I’ve started and stopped multiple times recently regarding writing this post. But having had time for it to register I think for me to deal with it is to be frank, open and up front. In doing so I feel it will help me deal with it and maybe even help others.
Hello, my name is Richard…..earlier this month my life changed forever. At the start of the year I began to rebuild after losing 7 months of running due to injury. For me my goal this year was to get back running and trying to get back to my old speed self but something hasn’t been right for a long time but I put it down to a number of things, over training, tiredness, getting older, stress of the issues we had with my daughters heart conditions for the last 2 years. However, earlier this month my urine was like something out of a horror movie, in that it was pure red. I posted it to social media, most people reckoned it was something runners sometimes get called Hematuria. I thought I had a water infection. I didn’t ignore it and showed my wife who got me into my doctors straight away. My doctor did a urine test but looked concerned, order some more tests and asked me to comeback a couple of days later. So Wednesday arrived but she still didn’t have the results back and said I will phone you.
Later that day she called me back and said the tests showed some abnormal results. I had a PSA test which I at the time didn’t know, helps to detect prostate cancer. The test, which can be done at a GP surgery, measures the level of prostate-specific antigen (PSA) in your blood. PSA is a protein made only by the prostate gland. So next up I was referred for further tests at the Hallamshire hospital which including an ultra sound on my kidneys and bladder, a digital rectal exam (DRE), A cystoscopy and also a biopsy. The tests showed a few things, firstly my left kidney is in a strange location and there is a shadow on it, that requires further investigation. So I am now waiting a CT scan for that. My bladder tests came back normal, however the other tests revealed my biggest fear…..
… I have Prostrate Cancer at 38! The doctor explained I had the early stages. While this isn’t good news it’s the best of a bad situation. For now the doctor does not want to do anything and has explained they are doing “Active surveillance” which is a way of monitoring slow-growing localised prostate cancer, rather than treating it straight away. The aim is to avoid or delay unnecessary treatment and its side effects. Yes it’s strange to be told I have cancer but for now I don’t need any major treatment such as surgery or radiotherapy!!. The have also discussed Hormone therapy with me as well. All options are on the table until I go back soon to where we will make decision of what the long term plan is.
For now I will have active surveillance, which means I will have regular tests to monitor my Cancer. The tests aim to find any changes that suggest the cancer is growing.
- PSA tests
- MRI scans
- digital rectal examinations (DRE)
- prostate biopsies.
If any of my test results show that my cancer might be growing, I will be offered further tests to check on the cancer. If any changes are found, I can have treatment that aims to get rid of the cancer. I have spoken to a number of men who have the same cancer, one has had it 10 years and it’s not spread, so it’s a strange cancer and everyone reacts differently. The hard part will be learning to live with it knowing I have it and things could change at any time.

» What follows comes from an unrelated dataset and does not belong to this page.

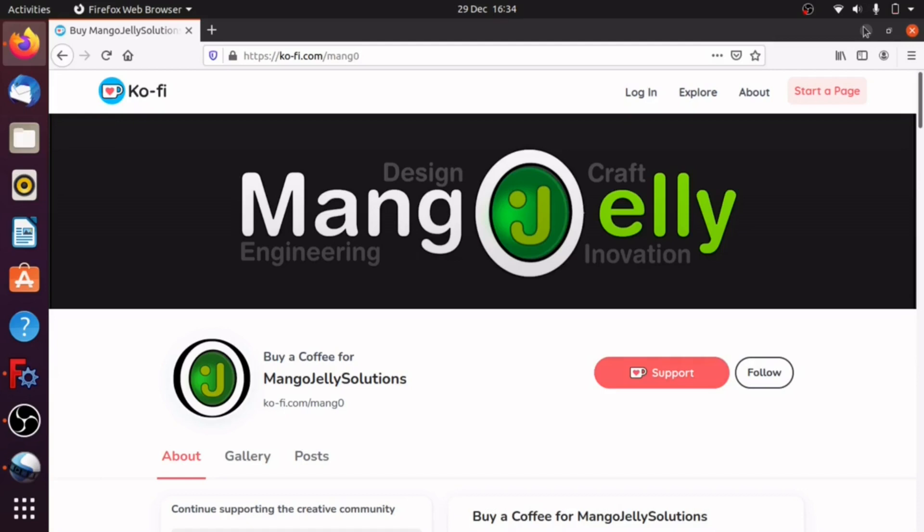And that's at ko-fi.com slash M-A-N-G-0. And there you'll be able to help me fund my site. And all the money that I actually get from any funds will actually get pushed back into the channel. Thanks a lot for watching and subscribing. I'll see you next time.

I genuinely felt that when I went to the doctors it was a ‘nothing to worry about’ appointment which would require no follow up. Anyway obviously this turned out not to be the case. My feeling immediately on my doctor saying the ‘C’ word was one of UTTER shock….I simply could not understand how someone who was otherwise fit and healthy, having run marathons, didn’t drink, smoke or eat rubbish, could have such a thing!. At first I really struggled to take in the news with a million thoughts rushing round my head. I am 38 for Gods sake!,..I run marathons…I eat a healthy diet…..I am not overweight…..I don’t smoke…….I am not diabetic…..there is no family history….I simply don’t “tick any of the boxes”!…how can this be!.
So why have I decided to write about it?……well, I remember when I first found out about my diagnosis I did what probably a lot of people do in the same position….spend hours googling about it to try and find someone in a similar situation as me. I found some incredible stories about some amazing people and how they had got through their treatment. The one overriding theme which I took out from what I read was the importance of ‘staying positive’. Whatever your diagnosis, you will invariably find someone in a tougher position than you. If there was one thing that I knew would help me keep focused and stay positive throughout what I knew would be a long term condition, it was my running!. I hope that reading my blog and my regular updates, it can maybe help others in a similar position to realise that life doesn’t just stand still when you are diagnosed with cancer. If you were an active person before cancer, then use this to get you through the treatment and beyond!. Keep telling yourself ‘this is a battle worth fighting’. With possible surgery and other treatment further down the line, I am under no illusions that this will be an incredibly tough journey. I know for me it’s still very early and in a way lucky to have caught it early, but I know that keeping positive and active will be THE KEY to getting through it.
So running for me is my way of saying FU to cancer!